Node.js Multithreading!

Multithreading in Node.js using the Worker threads module!

Kareem Mohllal
7 min readOct 12, 2019
Image credit: Julia Maior on Unsplash

Node.js used to be defined as a single-threaded asynchronous event-driven JavaScript runtime.

It was built to be a non-blocking I/O JavaScript runtime to build scalable network applications, so it uses the event-driven asynchronous paradigm instead of multithreading to achieve this goal.

What is the difference between multithreading and asynchrony?

  • Multithreading: A single CPU core can handle multiple threads of execution concurrently.
  • Asynchrony: Make events run separately from the application’s primary thread and notify it via signals when an event is completed or failed.
Multithreading vs Asynchrony

Is it helpful to use the multithreading paradigm in I/O-bound tasks?

Well, for network applications, having threads just waiting for an I/O task to complete could be more efficient because threads are resource-consuming, whether they are waiting or active.
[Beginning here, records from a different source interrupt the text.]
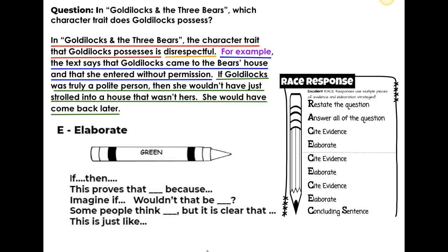You now have the basic foundation of RACE. You have restated the question and the answer, which is underlined in red. You have the answer to the question, which is underlined in orange. You have the actual evidence — your first piece underlined in blue, and the elaboration of that first piece of evidence, which is underlined in green.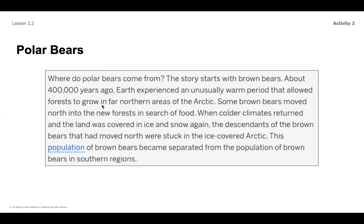Where do polar bears come from? The story starts with brown bears. About 400,000 years ago, Earth experienced an unusually warm period that allowed forests to grow in far northern areas of the arctic. Some brown bears moved north into the new forest in search of food. When colder climates returned and the land was covered in ice and snow, the descendants of those brown bears were stuck in the ice-covered arctic, becoming separated from the brown bear population in the southern regions.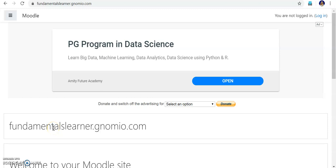Hello, in this video we will be seeing how to enroll students using their mail IDs. By this method, students can enroll themselves by logging into our Moodle account. I have created a Moodle site, fundamentalslearner.nomio.com. Already we have seen a method for enrolling students in bulk using a CSV file. That is the best method because you can select the students you want to enroll. But by this method, the students themselves can enroll.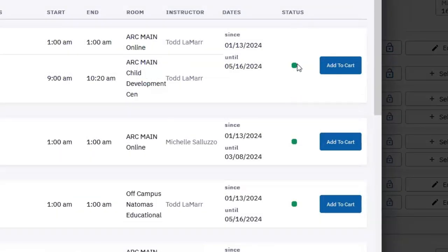A green dot in the Status column indicates that the section has available spots. A yellow symbol means you can join the waitlist, and a red symbol indicates the class is closed.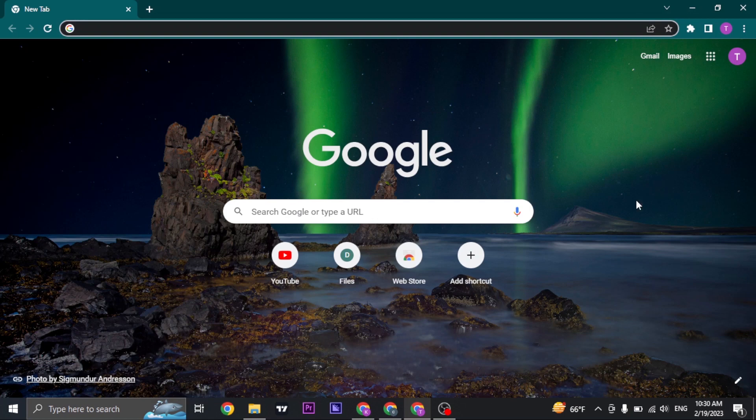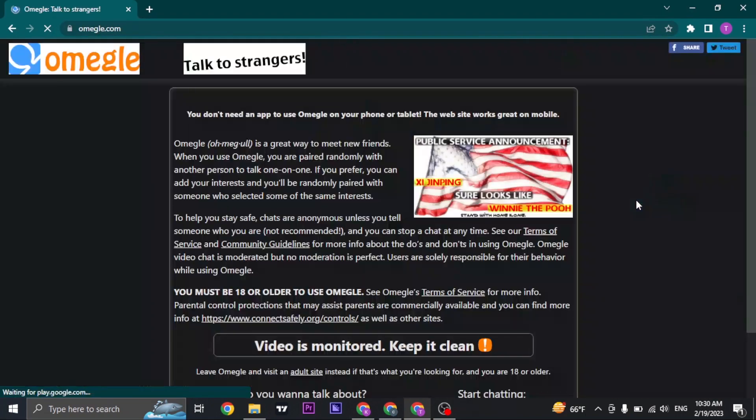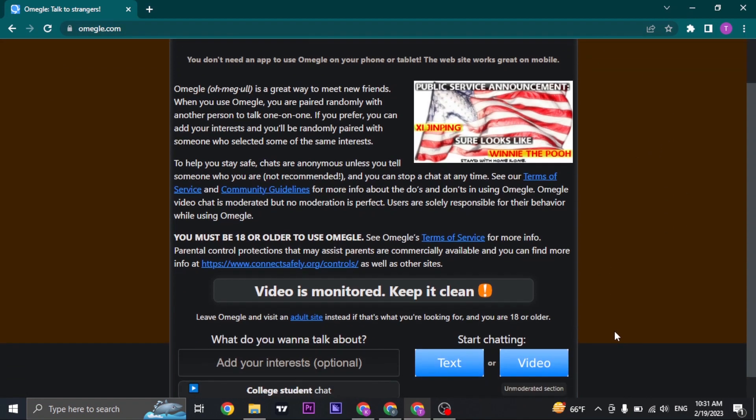Open up your web browser and search for omegle.com. Since you don't need to create an account on Omegle, you can directly land on this interface.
Each thread uses a portion of the CPU, and when threads are waiting to perform I/O tasks, they are just wasting CPU time which otherwise would be used by threads that have actual CPU work to perform.

There is also an overhead to the overall application performance caused by the context switching done by the CPU when it switches from executing one thread to executing another.

The CPU needs to save the current thread's local data, application pointer, etc., and load the local data, application pointer etc.., of the following thread to execute.

And also, since threads can access shared data, this can lead to many concurrency issues, such as race conditions, deadlocks, or resource starvation.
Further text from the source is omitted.